===== Material for the task

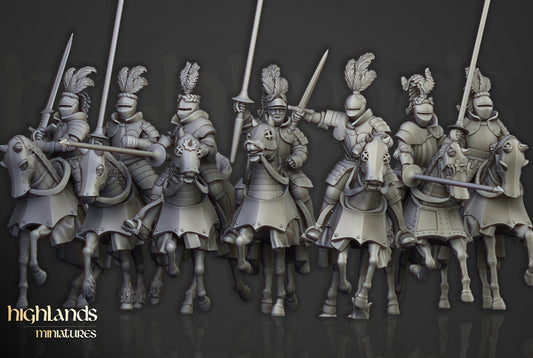 Sunland Knights on Horse  - Highlands Miniatures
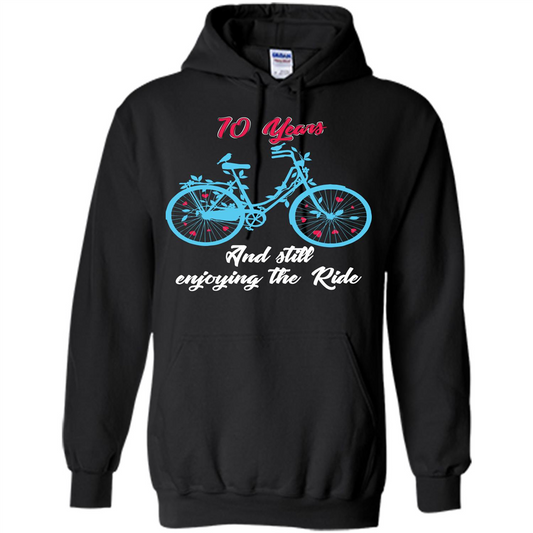 Anniversary T-shirt 10 Years And Still Enjoying The Ride Black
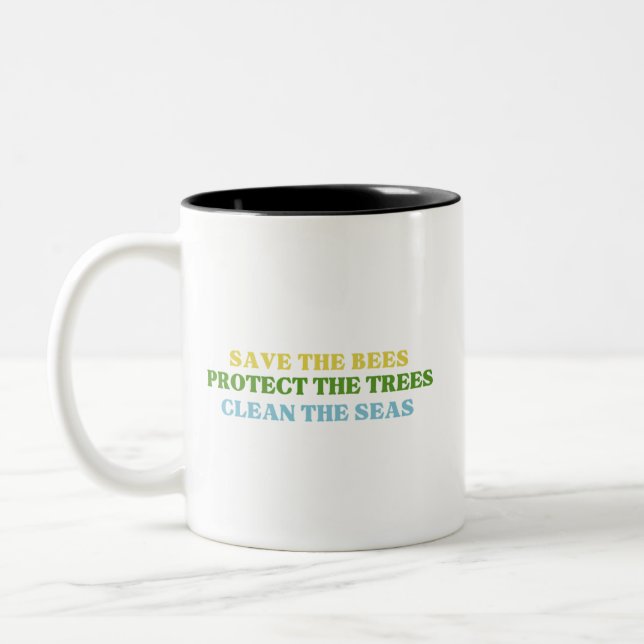 Tasse 2 Couleurs enregistrer les posters abeilles sauver les poster (Gauche)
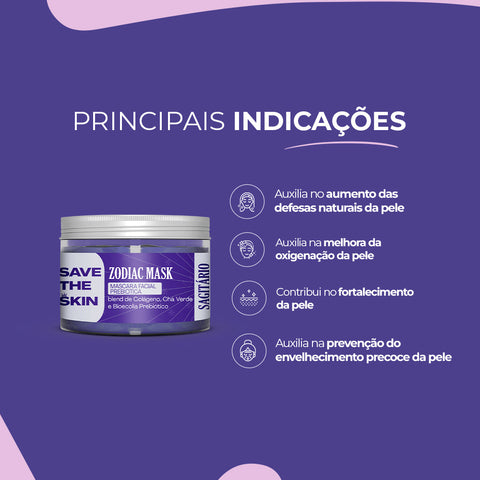 Máscara Facial Prebiótica – 120 g | Save The Skin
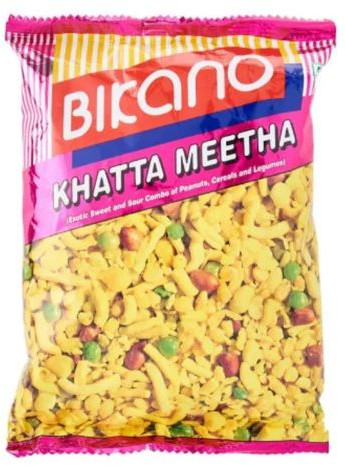 Bikano Khatta Meetha Namkeen, Certification : FSSAI Certified, Taste : Salty, Packaging Type : Plastic Packet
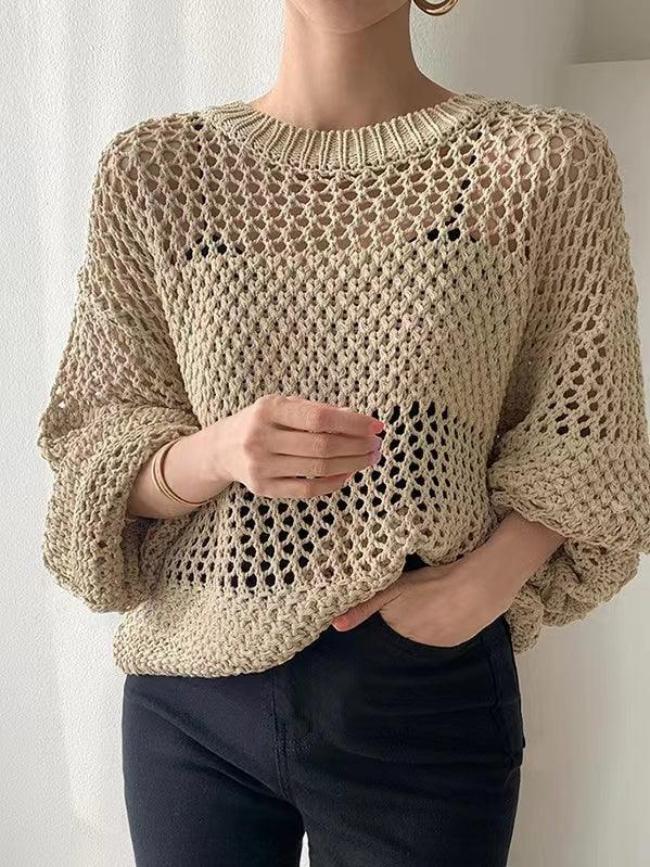 Gabriella - trendy knitted jumper for women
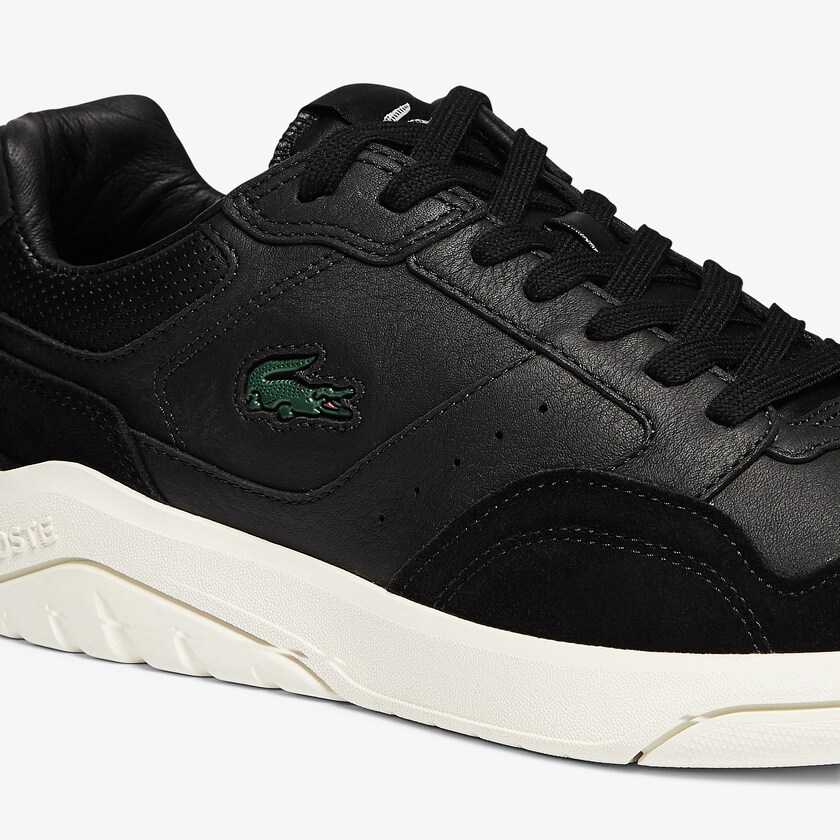 Sapatilhas Pretas Cinzentas Masculino Lacoste Men’s Game Advance Luxe Leather and Suede UD6-01350X3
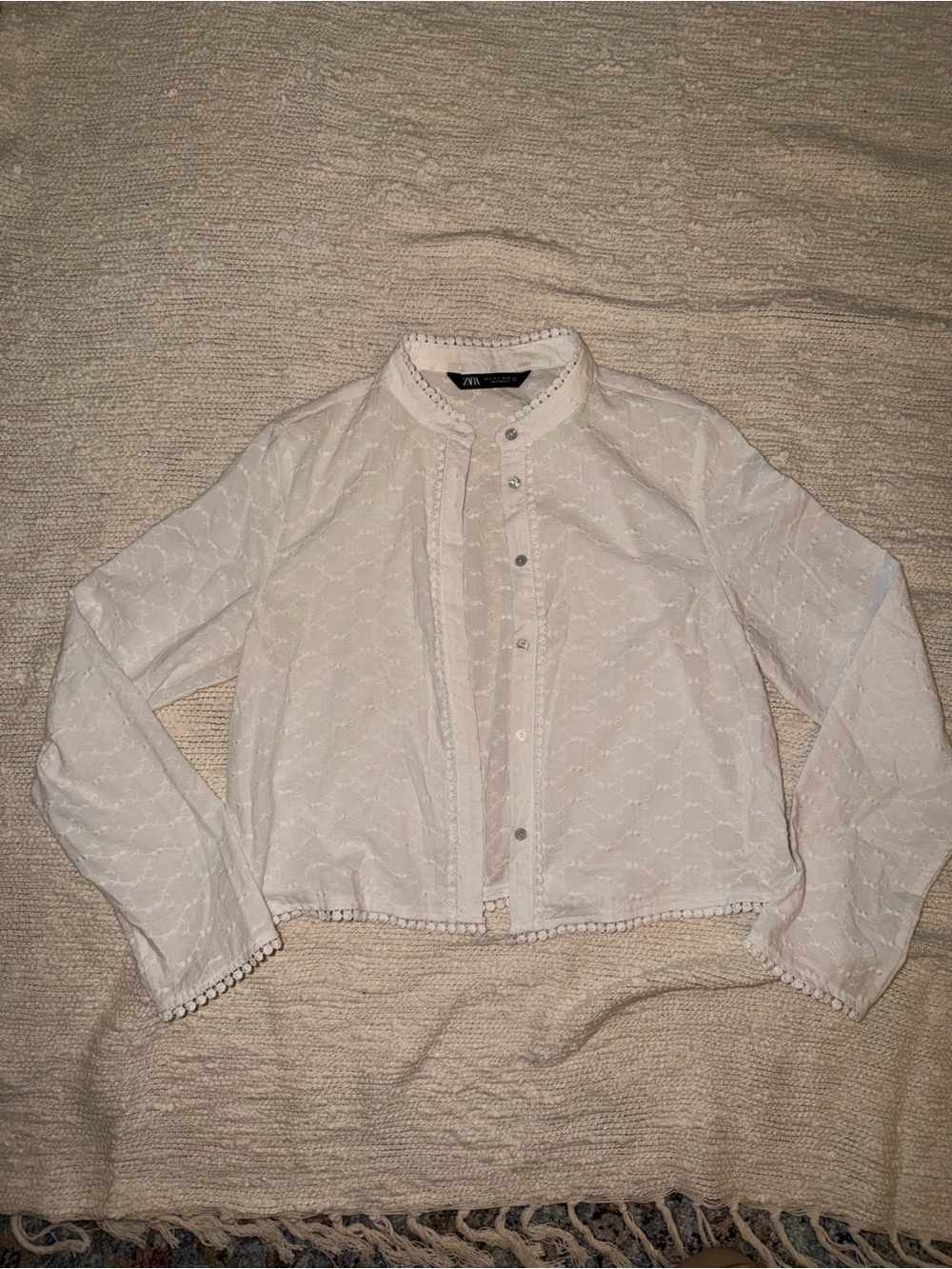 Zara White Button Up Shirt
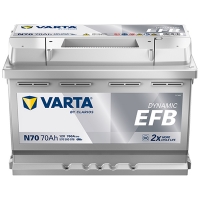 Аккумулятор 12V 70AH 760A Varta Dynamic EFB S6 008 (570 500 076)
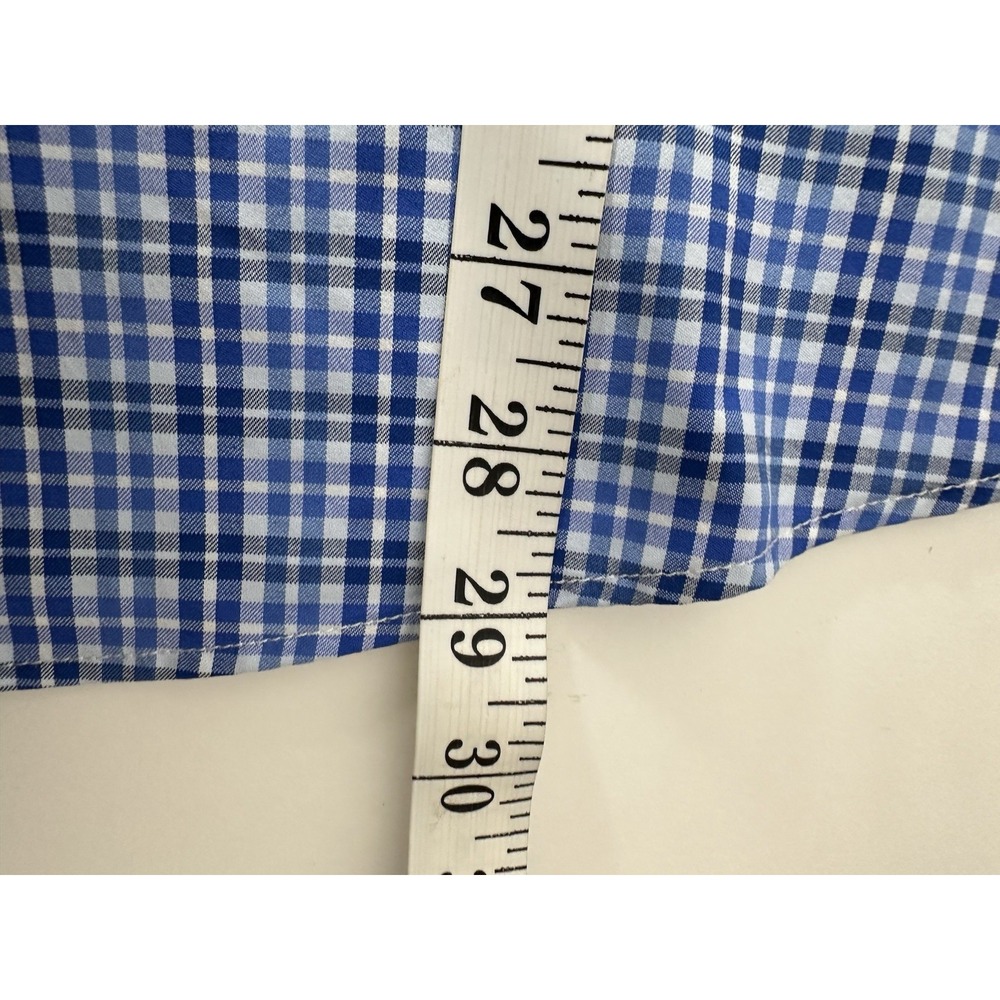 UNTUCKit Shirt Mens XL Plaid Short Sleeve Button Up Casual Comfy Soft Career‎ - Picture 7 of 9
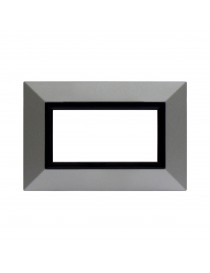 PLACCA ZAMA44 ARGENTO OPACO 4M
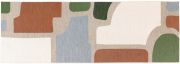 Tapis outdoor Kairi polypropylène/polyester coloris Multico 67x200 - Vivaraise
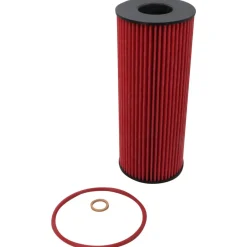 K&N Filters 1219 BMW X6 M50d Oil Filter - Viton Rubber Gasket - Red (KNNHP-7053)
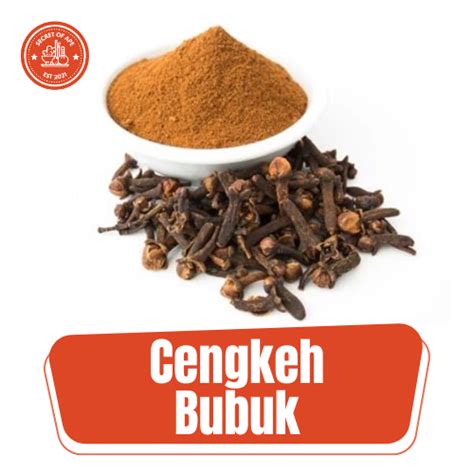 Cengkeh Bubuk Clove Powder Murni Kering Rempah Herbal Bumbu Dapur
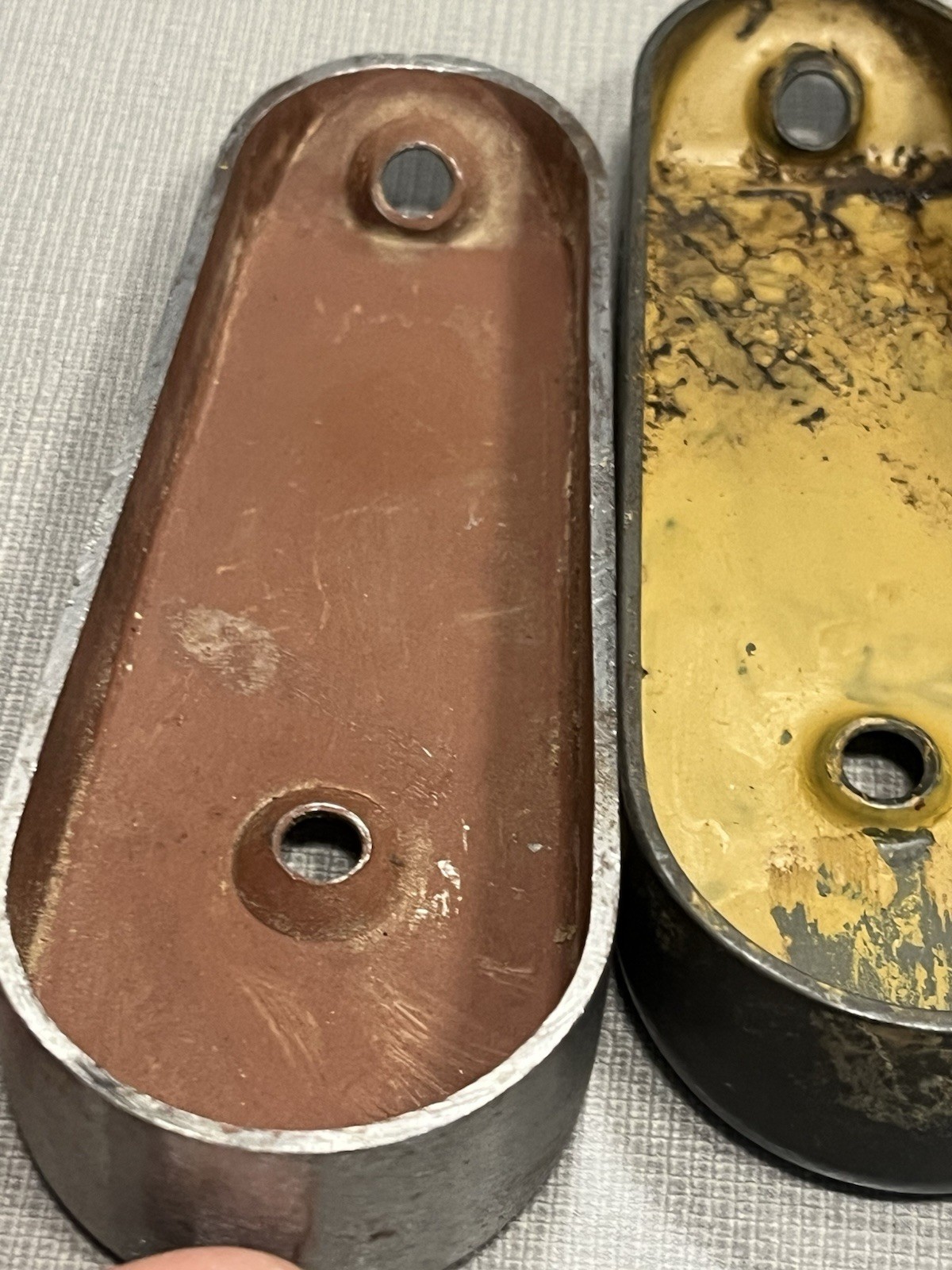 4x Original WW2 German K98k K98 Gew98 Stock Butt Plate & Screws Parts Lot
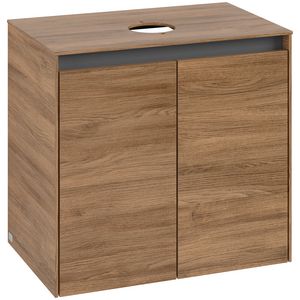 Wastafelonderkast Collaro 600x548x380mm Oak.Kans C15000RH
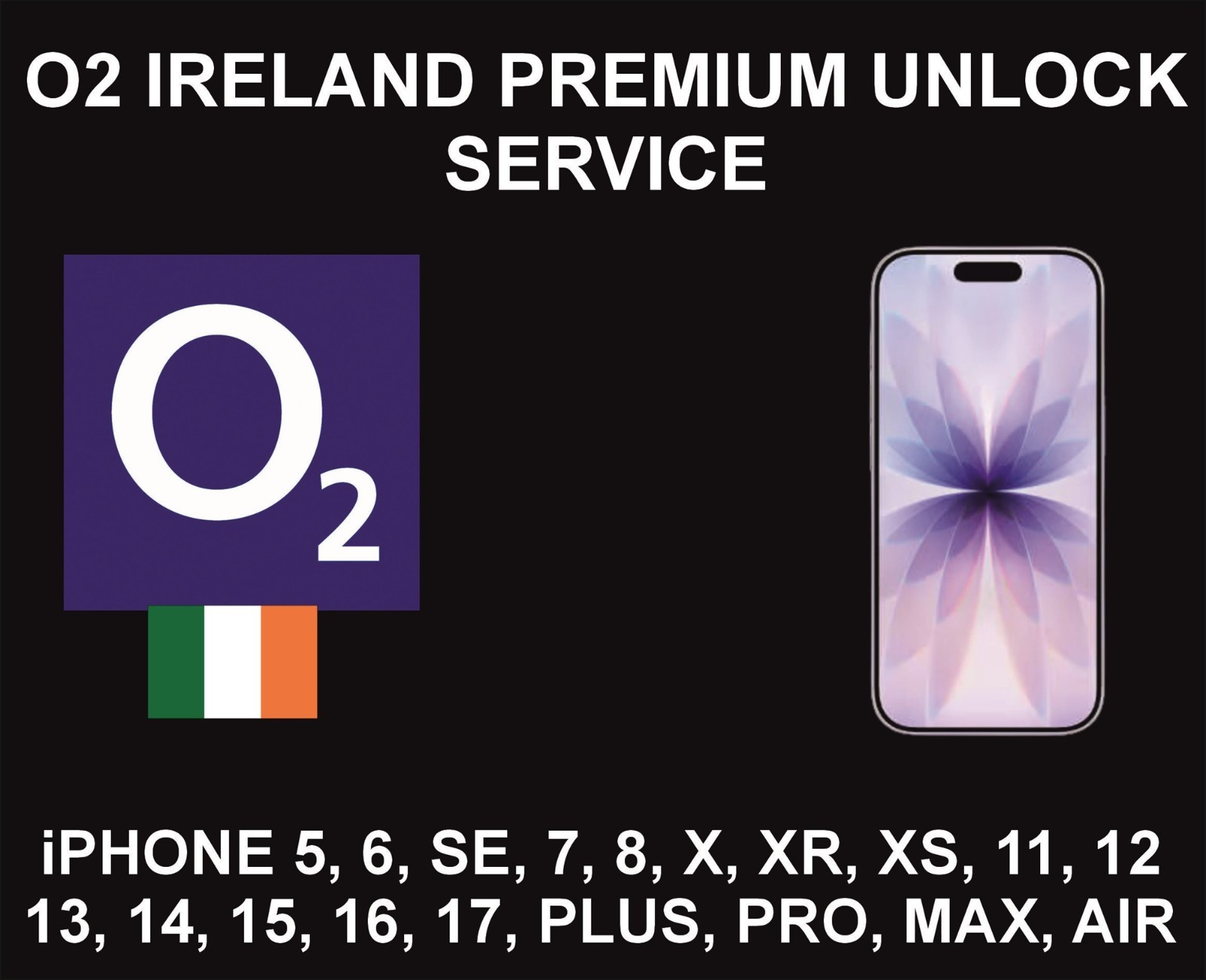 O2 Ireland, iPhone All Models, Factory, Premium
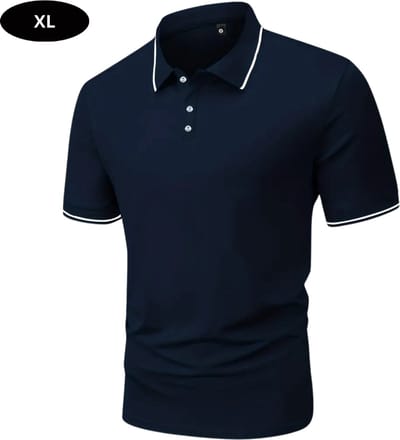Livano Golf Shirt Heren - T-shirt - Golfkleding - Golfen - Golf Accessoires - Polo Shirt - Marineblauw - Maat XL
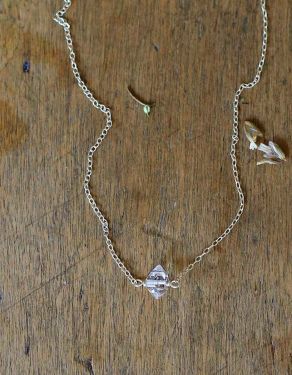 "Herkimer Diamond" and sterling silver necklace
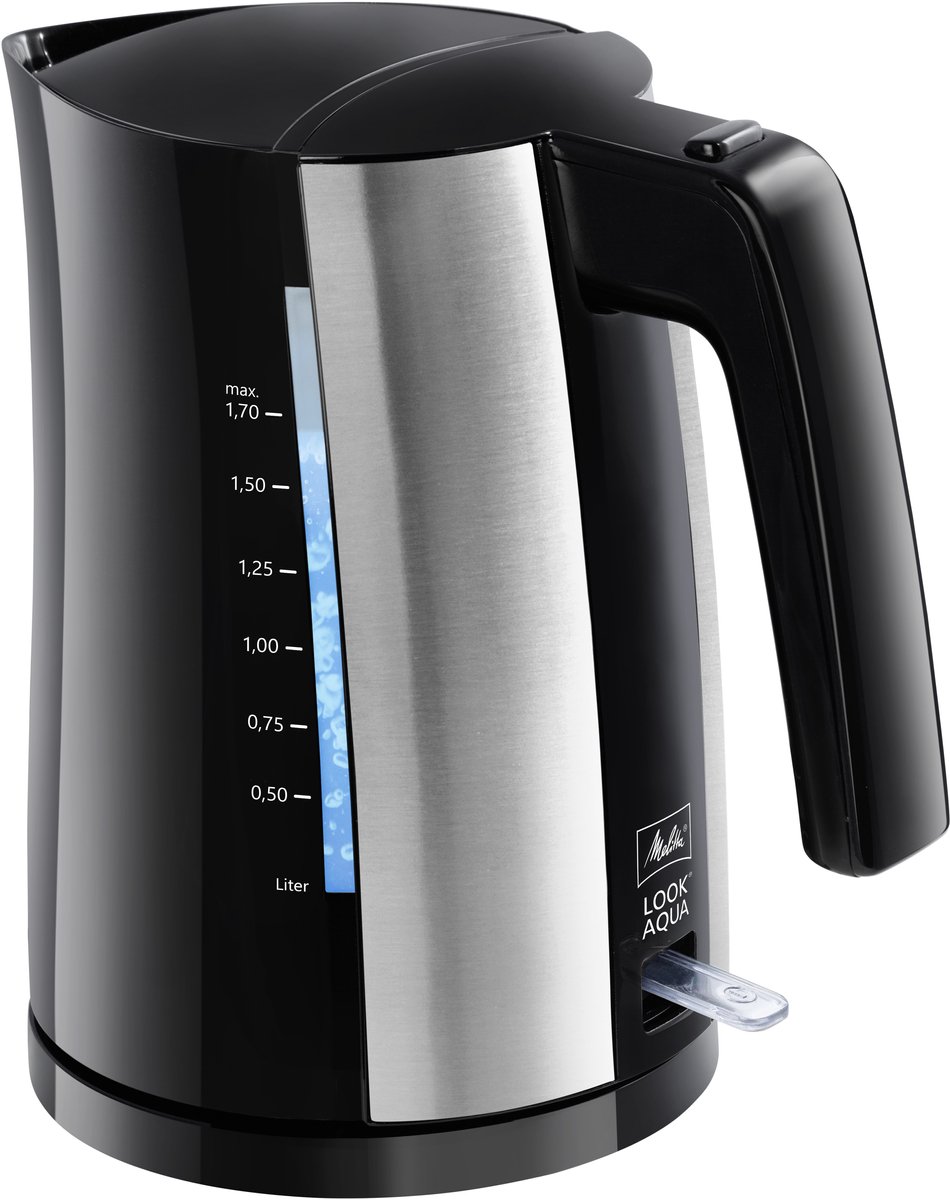 Melitta Look Aqua Waterkoker 1.7L 2400W Zwart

==========

- **Exercise prompt**: Copy the records above exactly, leaving out every picture.

- **Output for this task**:
 Sunland Knights on Horse  - Highlands Miniatures
 Anniversary T-shirt 10 Years And Still Enjoying The Ride Black
 Tasse 2 Couleurs enregistrer les posters abeilles sauver les poster (Gauche)
 Máscara Facial Prebiótica – 120 g | Save The Skin
 Bikano Khatta Meetha Namkeen, Certification : FSSAI Certified, Taste : Salty, Packaging Type : Plastic Packet
 Gabriella - trendy knitted jumper for women
 Sapatilhas Pretas Cinzentas Masculino Lacoste Men’s Game Advance Luxe Leather and Suede UD6-01350X3
 Zara White Button Up Shirt
 Аккумулятор 12V 70AH 760A Varta Dynamic EFB S6 008 (570 500 076)
 UNTUCKit Shirt Mens XL Plaid Short Sleeve Button Up Casual Comfy Soft Career‎ - Picture 7 of 9
 PLACCA ZAMA44 ARGENTO OPACO 4M
 Tapis outdoor Kairi polypropylène/polyester coloris Multico 67x200 - Vivaraise
 K&N Filters 1219 BMW X6 M50d Oil Filter - Viton Rubber Gasket - Red (KNNHP-7053)
 Cengkeh Bubuk Clove Powder Murni Kering Rempah Herbal Bumbu Dapur
 4x Original WW2 German K98k K98 Gew98 Stock Butt Plate & Screws Parts Lot
 Wastafelonderkast Collaro 600x548x380mm Oak.Kans C15000RH
 O2 Ireland, iPhone All Models, Factory, Premium
Livano Golf Shirt Heren - T-shirt - Golfkleding - Golfen - Golf Accessoires - Polo Shirt - Marineblauw - Maat XL
 "Herkimer Diamond" and sterling silver necklace
 Melitta Look Aqua Waterkoker 1.7L 2400W Zwart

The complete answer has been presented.